### The dataset is "America's Best Small Companies"

###

### http://www.stat.sc.edu/webstat/version2.0/data/ceo.dat

###

### bootstrap

### First create a dir C:\Stat6601\ and then save the data file ceo.txt there from the website.

### load the data

CEO <- matrix(scan("C:\\Stat6601\\ceo.txt"),ncol=2,byrow=T) # scans ceo.txt, the data file,

# into a matrix

AGE <- CEO[,1] # assigns the first column to AGE vector

SALARY <- CEO[,2] # assigns the second column to SALARY vector

### plot the AGE data

hist(AGE,probability = T) # histogram

plot(density(AGE),type="l") # density plot

### summarize the AGE data

mean.AGE <- mean(AGE)

mean.AGE

sd.AGE <- sqrt(var(AGE))

sd.AGE

n <- length(AGE)

n

se.AGE <- sd.AGE/sqrt(n)

se.AGE

### confidence interval for the population mean of AGE

t.out <- t.test(AGE)

t.out$conf.int

### bootstrap the mean

boot.AGE <- bootstrap(AGE,mean) # help(jackknife)

summary(boot.AGE)

limits.emp(boot.AGE)

# Question: Why are we using the mean with the AGE data?

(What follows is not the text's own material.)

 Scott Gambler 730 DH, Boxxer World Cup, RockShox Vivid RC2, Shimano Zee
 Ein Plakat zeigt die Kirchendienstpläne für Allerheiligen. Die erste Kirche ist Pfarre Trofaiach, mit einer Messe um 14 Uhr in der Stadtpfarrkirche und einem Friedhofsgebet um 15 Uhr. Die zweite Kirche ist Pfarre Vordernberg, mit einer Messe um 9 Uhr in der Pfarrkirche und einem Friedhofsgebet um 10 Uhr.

# Question: How does the traditional t-confidence interval compare to the bootstrap interval?

### Repeat the analysis for the SALARY data.

# Question: What is an appropriate statistics to estimate?

hist(SALARY,probability = T) # histogram

plot(density(SALARY),type="l") # density plot